In an attempt to prevent the problems with the ASP server delivering the wrong content of file, in the correct file name, i have just downloaded an entire text book, about 3500 files and 73MB over 3 full days. This is because i set "number of connections" to 1 and "delay between downloads" to 7-13.
Then i used "URL filters-filenames" and included only "*good11*.gif" and "content*={:935800..956493}" to limit to only this book. The limitting works fine, but I am still getting more than 1000 incorrect files, essentially making the download unusable, as perhaps 60% of the pages in the book are actually the same. The problem only occurs in pages with 3 frames, ie content.aspx, content_nav.aspx and content_main.aspx. Those pages which are only content.aspx because they are just chapter or section headings all download perfectly. Furthermore, on the pages that are incorrect, the content.aspx part does conbtain the corrent information all the time, it is just the content_nav.aspx and the content_main.aspx where the file contents do not correctly download.
Do you have any ideas.
I have just created a new login that will be valid for a week:
joregelt6
lactobacillus

thanks
jo
Oleg Chernavin 11/14/2005 06:59 am
It is very hard to overcome such servers. I would suggest you to try to add the following line to the Project`s URLs field:

Additional=DepthFirst

This will reserse the order of the pages to download and may help. But I am not 100% sure, though.

Oleg.
Jo 11/15/2005 05:12 am
hi Oleg

thanks for the fast response again.
I am not sure where you mean I should enter this text "Additional=DepthFirst"
Is it at the end of the line:
http://www.accessmedicine.com/resourceTOC.aspx?resourceID=28 in the "Project-Address URLs" field, or is it an entry on a new line in this field, or is it somewhere else completely.
Also, can you tell me very quickly, what affect you expect this to have, and why you think i am having these problems.
Is their server set up to try and prevent the kind of downloads that offline explorer does, or is their asp server buggy and that is why i am having these problems.

thanks

jo

thanks
jo
Oleg Chernavin 11/15/2005 06:01 am
This should be placed on a separate line after the existing Project URL, like:

http://www.site.com/page.htm
Additional=DepthFirst

The above will cause Offline Explorer to load a page and then all links (images) from it and only then start loading the next page. I am not sure, but it may help for some sites.

Oleg.
Kevork Kevorkian 12/17/2005 05:55 am
If I paste the list with the links in the Addresses (URLs) field like that:

http://www.accessmedicine.com/popup.aspx?aID=799212
http://www.accessmedicine.com/popup.aspx?aID=799222
http://www.accessmedicine.com/popup.aspx?aID=799235
http://www.accessmedicine.com/popup.aspx?aID=799250
http://www.accessmedicine.com/popup.aspx?aID=799515

Level limit = 0

I download the pages successfully.

Choosing the number of connections to 1 and delay between downloads 1-3 is recommended. After a couple of downloads I switch it to 2 and delay to 0.

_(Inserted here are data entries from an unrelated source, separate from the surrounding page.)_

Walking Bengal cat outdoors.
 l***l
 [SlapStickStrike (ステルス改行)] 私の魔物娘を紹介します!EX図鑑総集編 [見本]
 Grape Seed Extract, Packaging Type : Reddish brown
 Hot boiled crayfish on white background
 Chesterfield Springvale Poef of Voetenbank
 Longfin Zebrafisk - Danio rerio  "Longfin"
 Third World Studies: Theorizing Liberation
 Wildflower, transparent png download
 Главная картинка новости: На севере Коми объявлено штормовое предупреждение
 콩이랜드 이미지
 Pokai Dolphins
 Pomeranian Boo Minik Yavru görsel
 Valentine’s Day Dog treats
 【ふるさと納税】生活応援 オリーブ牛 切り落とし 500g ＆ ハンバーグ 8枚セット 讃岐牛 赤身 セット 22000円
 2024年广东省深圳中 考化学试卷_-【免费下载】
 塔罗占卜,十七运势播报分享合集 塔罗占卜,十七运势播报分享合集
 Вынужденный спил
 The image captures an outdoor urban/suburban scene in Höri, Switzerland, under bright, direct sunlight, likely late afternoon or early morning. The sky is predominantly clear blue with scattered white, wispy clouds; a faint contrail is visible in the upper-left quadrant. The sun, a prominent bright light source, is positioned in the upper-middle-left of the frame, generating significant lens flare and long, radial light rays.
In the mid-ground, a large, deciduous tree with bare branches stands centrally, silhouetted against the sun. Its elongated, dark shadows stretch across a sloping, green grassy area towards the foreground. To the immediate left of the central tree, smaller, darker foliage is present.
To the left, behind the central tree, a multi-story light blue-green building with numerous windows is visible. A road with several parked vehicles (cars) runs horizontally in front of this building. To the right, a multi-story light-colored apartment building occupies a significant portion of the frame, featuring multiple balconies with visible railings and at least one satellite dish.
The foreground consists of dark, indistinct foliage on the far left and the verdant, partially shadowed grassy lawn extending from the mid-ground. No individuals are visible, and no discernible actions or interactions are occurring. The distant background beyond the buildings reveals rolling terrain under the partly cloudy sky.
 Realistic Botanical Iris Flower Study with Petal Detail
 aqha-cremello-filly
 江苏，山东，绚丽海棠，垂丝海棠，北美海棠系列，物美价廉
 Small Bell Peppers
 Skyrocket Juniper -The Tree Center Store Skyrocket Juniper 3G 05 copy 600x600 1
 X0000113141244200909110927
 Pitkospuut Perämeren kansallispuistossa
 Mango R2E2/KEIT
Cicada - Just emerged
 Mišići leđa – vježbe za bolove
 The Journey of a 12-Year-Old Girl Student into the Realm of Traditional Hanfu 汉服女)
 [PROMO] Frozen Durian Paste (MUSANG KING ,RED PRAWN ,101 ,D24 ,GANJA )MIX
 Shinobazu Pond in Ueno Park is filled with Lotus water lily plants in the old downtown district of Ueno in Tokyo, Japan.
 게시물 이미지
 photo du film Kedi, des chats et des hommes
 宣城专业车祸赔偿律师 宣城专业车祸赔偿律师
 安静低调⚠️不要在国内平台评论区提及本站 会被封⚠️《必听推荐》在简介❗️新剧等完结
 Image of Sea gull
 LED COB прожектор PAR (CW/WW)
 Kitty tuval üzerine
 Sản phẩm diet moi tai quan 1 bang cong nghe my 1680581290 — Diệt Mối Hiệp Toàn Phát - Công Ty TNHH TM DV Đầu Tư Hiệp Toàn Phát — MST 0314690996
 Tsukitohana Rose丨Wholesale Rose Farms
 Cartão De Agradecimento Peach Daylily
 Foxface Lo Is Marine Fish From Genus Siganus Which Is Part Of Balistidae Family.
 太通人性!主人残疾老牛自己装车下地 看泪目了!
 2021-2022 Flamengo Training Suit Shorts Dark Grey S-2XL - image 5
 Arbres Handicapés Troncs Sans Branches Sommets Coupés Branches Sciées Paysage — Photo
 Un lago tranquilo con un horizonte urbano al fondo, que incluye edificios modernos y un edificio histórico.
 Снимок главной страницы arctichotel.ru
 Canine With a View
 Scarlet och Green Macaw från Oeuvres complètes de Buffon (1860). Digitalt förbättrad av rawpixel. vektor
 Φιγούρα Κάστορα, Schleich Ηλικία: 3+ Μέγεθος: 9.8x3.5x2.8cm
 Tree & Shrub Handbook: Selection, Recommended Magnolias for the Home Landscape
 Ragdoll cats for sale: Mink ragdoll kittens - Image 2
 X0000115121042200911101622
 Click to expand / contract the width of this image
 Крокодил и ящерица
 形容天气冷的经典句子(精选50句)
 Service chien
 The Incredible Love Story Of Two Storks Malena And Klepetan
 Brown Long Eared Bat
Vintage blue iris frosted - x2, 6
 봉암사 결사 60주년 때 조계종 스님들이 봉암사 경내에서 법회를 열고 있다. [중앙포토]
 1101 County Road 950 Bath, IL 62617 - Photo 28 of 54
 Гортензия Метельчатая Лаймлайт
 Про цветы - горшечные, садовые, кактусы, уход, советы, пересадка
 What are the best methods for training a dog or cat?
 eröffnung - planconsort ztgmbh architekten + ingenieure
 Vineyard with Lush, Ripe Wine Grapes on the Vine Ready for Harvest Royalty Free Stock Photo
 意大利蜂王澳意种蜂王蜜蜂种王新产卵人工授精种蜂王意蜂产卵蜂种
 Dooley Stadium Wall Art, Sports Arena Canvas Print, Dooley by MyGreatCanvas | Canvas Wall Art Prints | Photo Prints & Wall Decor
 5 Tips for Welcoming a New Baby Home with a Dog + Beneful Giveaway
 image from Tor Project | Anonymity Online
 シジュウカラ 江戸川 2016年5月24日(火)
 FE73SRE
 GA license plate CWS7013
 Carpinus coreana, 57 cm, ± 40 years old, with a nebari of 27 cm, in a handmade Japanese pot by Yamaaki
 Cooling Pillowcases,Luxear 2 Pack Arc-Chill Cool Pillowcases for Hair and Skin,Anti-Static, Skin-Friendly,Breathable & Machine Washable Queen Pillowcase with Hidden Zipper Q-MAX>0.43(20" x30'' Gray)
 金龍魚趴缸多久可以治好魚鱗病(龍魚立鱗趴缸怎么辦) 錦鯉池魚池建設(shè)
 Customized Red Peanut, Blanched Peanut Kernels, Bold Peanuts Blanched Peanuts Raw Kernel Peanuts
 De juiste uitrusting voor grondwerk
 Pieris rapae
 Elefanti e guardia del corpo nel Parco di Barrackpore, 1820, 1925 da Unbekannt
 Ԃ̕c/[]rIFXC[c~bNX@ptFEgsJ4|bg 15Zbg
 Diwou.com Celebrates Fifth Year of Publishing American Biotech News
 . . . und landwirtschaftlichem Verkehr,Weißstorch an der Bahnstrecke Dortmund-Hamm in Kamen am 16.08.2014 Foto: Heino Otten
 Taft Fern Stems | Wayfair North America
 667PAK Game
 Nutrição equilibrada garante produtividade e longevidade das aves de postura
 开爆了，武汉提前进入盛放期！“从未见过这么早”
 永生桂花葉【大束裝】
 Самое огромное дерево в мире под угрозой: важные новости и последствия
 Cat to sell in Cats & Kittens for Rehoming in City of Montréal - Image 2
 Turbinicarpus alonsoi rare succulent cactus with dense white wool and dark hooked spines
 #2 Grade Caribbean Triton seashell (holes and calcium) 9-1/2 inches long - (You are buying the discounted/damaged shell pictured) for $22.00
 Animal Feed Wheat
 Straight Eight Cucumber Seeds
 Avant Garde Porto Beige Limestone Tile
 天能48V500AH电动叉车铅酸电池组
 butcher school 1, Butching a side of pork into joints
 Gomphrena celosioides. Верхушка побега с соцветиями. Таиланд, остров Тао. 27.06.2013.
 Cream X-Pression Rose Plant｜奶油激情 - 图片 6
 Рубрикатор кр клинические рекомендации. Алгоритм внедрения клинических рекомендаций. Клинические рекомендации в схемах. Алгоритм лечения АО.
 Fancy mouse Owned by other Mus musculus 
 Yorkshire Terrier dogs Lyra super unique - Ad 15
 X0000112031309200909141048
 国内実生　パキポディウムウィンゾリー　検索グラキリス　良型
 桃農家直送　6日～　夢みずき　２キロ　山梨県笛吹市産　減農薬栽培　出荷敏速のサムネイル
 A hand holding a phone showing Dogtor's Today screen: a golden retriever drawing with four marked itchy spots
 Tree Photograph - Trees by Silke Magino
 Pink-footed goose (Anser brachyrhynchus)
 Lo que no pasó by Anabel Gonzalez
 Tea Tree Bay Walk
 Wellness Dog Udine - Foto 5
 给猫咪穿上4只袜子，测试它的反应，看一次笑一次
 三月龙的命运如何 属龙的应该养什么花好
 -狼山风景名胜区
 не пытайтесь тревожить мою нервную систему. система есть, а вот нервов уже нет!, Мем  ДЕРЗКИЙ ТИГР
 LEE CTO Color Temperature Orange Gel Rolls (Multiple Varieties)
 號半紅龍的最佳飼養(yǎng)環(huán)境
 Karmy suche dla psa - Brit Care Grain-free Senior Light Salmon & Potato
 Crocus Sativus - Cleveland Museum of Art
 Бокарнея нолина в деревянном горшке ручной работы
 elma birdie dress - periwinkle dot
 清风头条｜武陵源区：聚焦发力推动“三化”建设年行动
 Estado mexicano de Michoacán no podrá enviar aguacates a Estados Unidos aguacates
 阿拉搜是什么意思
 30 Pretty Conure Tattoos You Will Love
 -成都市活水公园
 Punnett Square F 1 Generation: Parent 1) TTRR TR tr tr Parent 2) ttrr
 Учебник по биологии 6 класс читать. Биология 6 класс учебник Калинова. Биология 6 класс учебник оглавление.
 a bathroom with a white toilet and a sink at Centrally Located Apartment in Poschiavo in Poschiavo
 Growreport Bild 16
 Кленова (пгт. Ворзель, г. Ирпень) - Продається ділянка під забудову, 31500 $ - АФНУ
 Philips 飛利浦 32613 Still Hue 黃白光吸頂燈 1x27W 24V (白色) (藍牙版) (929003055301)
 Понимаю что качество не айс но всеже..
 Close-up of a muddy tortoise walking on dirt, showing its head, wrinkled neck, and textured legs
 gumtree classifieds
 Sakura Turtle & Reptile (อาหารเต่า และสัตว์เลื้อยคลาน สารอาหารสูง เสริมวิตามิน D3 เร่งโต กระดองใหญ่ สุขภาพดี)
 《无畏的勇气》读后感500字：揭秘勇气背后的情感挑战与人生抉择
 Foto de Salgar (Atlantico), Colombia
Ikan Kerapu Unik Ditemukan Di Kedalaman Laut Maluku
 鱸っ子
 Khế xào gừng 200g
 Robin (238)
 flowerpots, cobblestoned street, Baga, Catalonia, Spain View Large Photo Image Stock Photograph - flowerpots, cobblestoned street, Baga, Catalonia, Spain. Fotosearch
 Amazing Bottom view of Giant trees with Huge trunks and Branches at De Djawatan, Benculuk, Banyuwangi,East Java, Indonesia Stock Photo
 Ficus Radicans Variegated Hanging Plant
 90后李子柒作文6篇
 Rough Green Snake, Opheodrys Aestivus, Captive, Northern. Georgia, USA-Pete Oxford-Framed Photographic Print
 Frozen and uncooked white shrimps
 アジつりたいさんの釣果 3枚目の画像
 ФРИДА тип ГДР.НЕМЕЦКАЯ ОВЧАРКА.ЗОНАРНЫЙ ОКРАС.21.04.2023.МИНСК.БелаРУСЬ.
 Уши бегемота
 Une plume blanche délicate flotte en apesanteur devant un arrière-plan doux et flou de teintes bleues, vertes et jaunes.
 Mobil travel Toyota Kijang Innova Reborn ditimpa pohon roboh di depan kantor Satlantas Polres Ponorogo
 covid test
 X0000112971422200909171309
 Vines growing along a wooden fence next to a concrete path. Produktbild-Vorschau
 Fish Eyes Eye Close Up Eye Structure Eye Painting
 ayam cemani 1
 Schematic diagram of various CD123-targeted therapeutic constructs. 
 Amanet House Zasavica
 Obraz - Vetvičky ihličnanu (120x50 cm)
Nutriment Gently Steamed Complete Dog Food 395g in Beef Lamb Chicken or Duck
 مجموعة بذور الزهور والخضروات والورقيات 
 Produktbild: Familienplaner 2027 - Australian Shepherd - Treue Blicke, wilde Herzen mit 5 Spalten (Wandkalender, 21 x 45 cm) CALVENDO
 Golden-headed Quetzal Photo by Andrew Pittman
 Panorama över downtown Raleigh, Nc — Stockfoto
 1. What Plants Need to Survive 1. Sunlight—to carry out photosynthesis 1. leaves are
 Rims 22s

To obtain the list with the links to be included, you can download one time with all the wrong pages and arbitrary project settings. From the map tab you can copy the link urls and paste them in a second project with the settings given above. I sorted the list with the links alphabetically before pasting it. Perhaps it should work the other way too.

Hope this will help. I`m waiting for your feedback.